----- DATA SHOWN
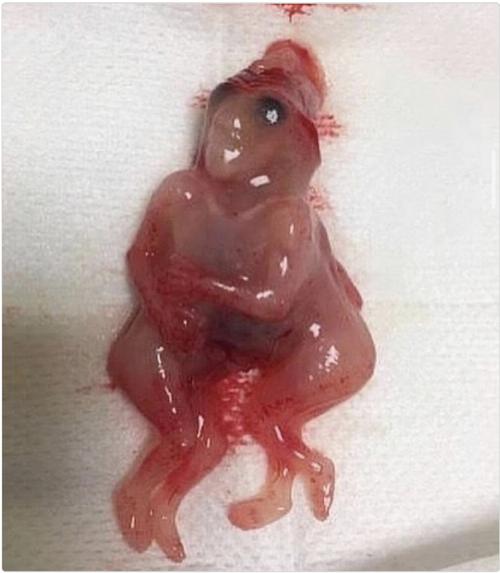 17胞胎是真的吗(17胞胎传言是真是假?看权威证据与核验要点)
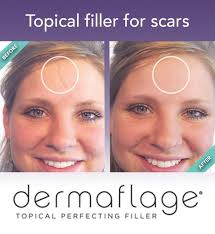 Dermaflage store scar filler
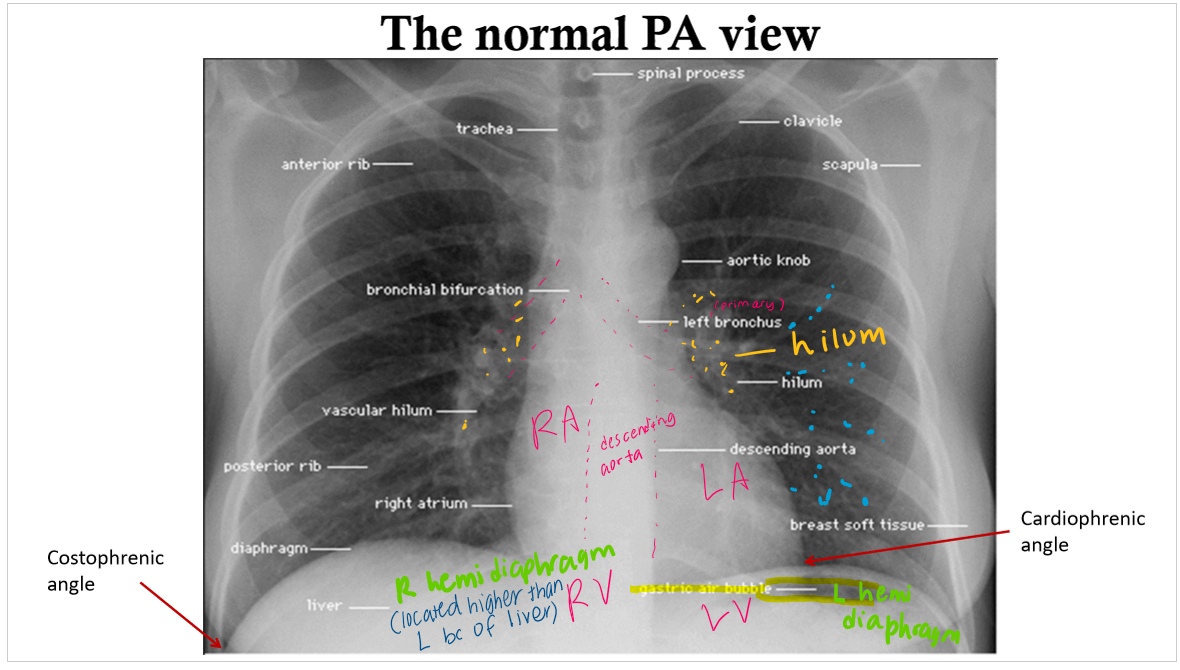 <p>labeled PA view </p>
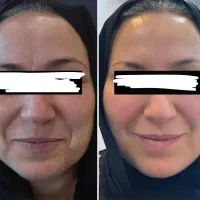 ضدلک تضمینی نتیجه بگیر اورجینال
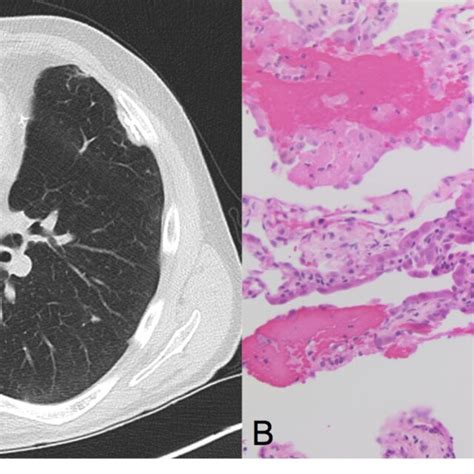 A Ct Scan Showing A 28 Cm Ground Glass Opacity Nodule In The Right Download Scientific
----------
----- DATA SHOWN
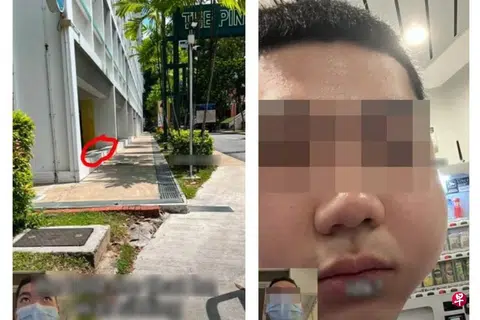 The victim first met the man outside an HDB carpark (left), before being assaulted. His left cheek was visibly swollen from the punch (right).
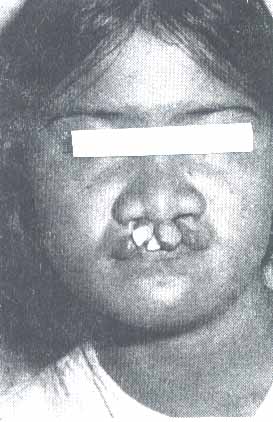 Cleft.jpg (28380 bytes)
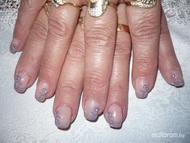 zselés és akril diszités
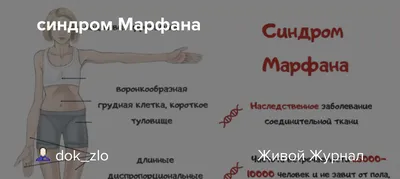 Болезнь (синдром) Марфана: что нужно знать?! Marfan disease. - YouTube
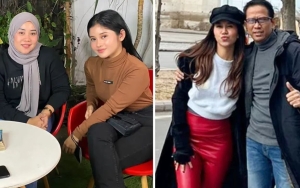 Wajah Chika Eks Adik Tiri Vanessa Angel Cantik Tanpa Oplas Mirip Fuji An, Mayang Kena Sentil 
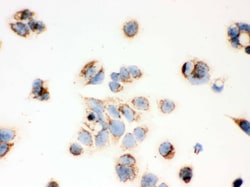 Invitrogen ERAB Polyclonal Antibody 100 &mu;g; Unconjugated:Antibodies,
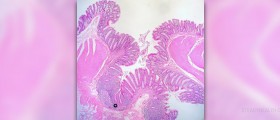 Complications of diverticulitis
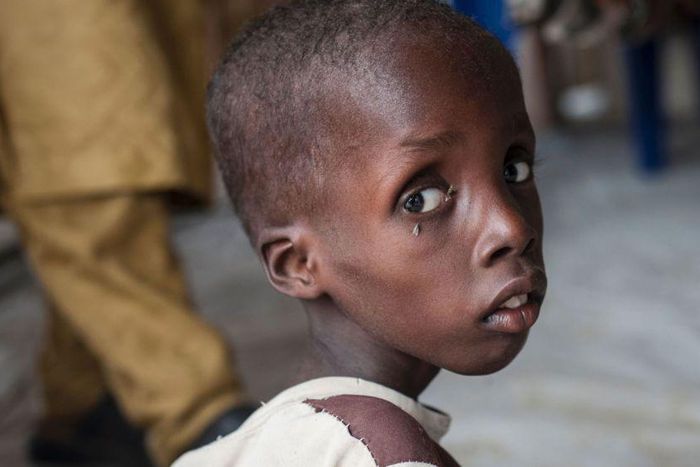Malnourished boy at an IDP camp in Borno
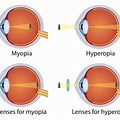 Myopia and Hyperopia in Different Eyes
----------
----- DATA SHOWN
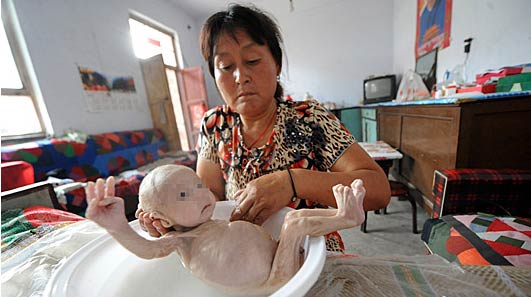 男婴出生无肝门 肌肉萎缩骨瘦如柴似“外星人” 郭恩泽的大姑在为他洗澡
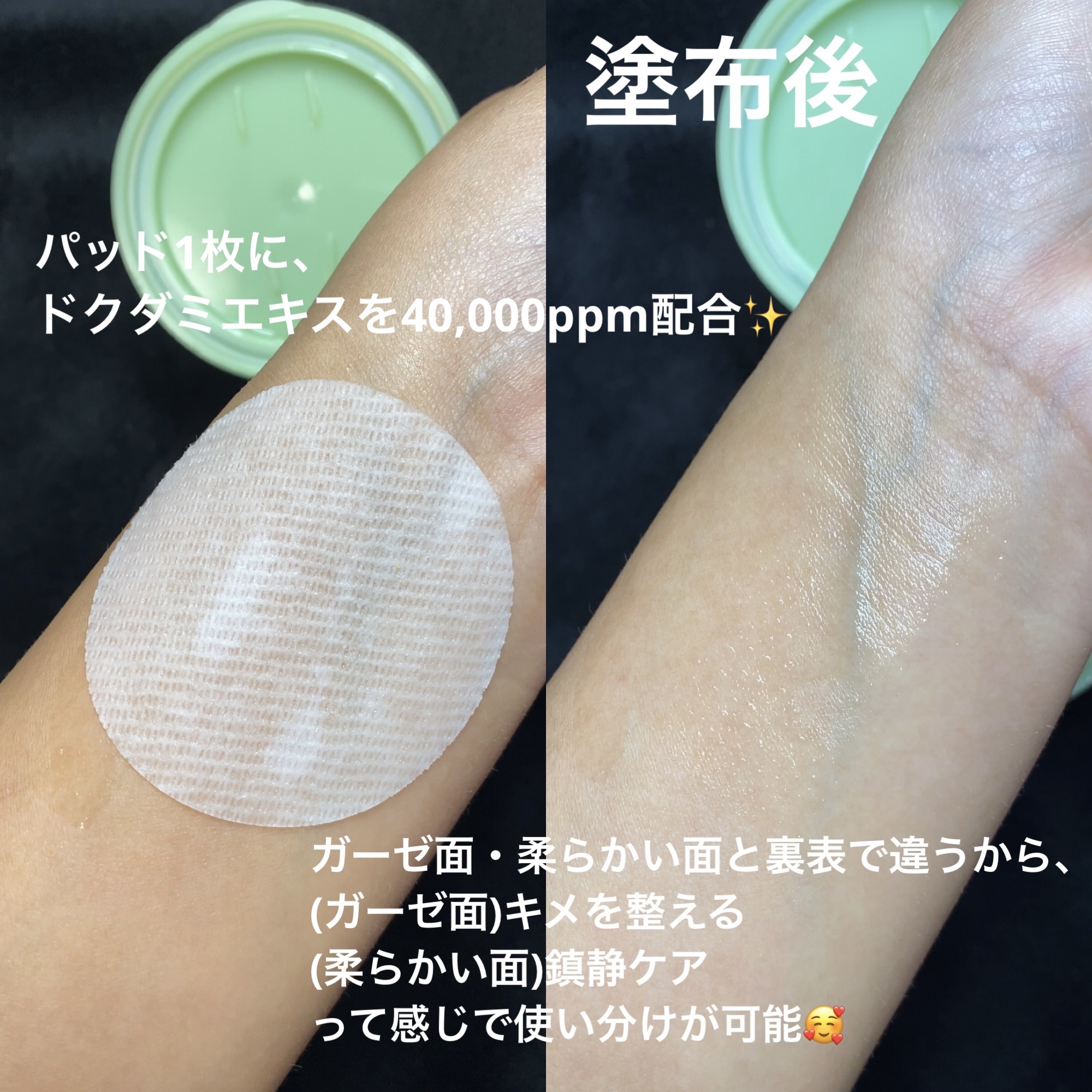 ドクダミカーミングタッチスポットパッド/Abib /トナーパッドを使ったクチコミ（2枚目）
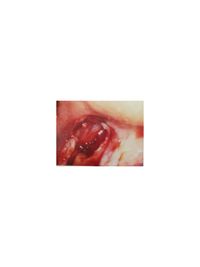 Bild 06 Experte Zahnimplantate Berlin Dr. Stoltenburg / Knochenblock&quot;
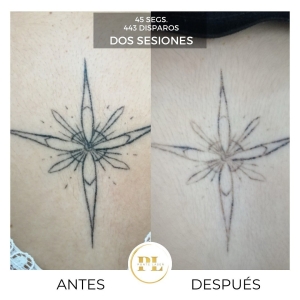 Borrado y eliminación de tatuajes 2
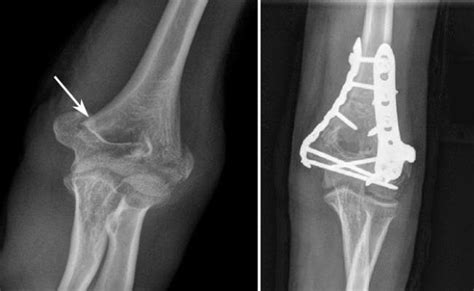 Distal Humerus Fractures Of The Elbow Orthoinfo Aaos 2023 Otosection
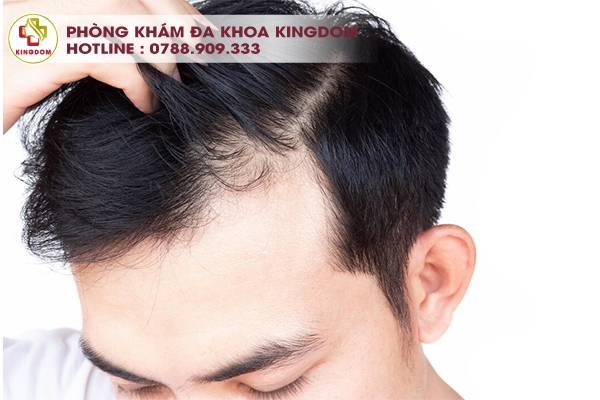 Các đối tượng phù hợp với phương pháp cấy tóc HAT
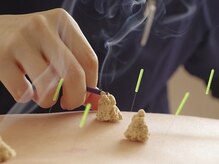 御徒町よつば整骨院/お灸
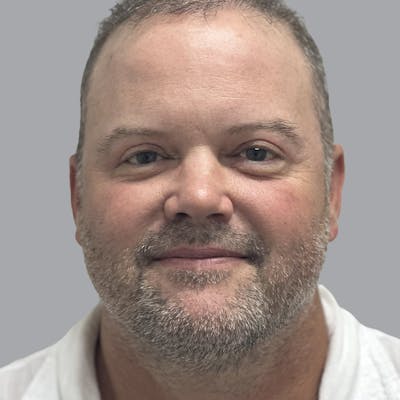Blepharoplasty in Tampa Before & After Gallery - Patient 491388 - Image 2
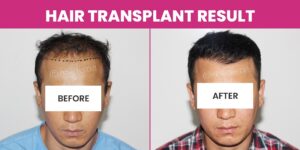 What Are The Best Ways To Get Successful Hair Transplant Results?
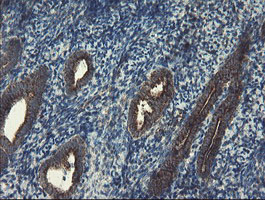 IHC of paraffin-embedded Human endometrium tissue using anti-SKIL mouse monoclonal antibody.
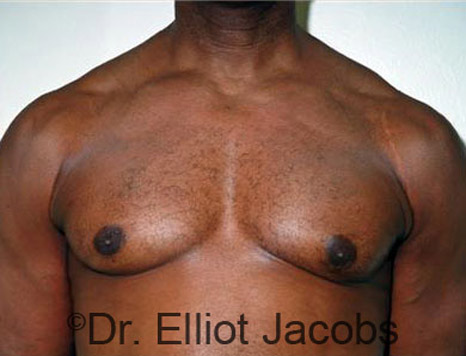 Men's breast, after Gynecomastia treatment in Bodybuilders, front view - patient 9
----------
EXERCISE AIM: Return exactly the lines that appear in the data above between the line containing "Cleft.jpg (28380 bytes)" and the line containing "Complications of diverticulitis", both of which are included, and leave the pictures out.

TASK SOLUTION:
 Cleft.jpg (28380 bytes)
 zselés és akril diszités
 Болезнь (синдром) Марфана: что нужно знать?! Marfan disease. - YouTube
 Wajah Chika Eks Adik Tiri Vanessa Angel Cantik Tanpa Oplas Mirip Fuji An, Mayang Kena Sentil 
 Invitrogen ERAB Polyclonal Antibody 100 &mu;g; Unconjugated:Antibodies,
 Complications of diverticulitis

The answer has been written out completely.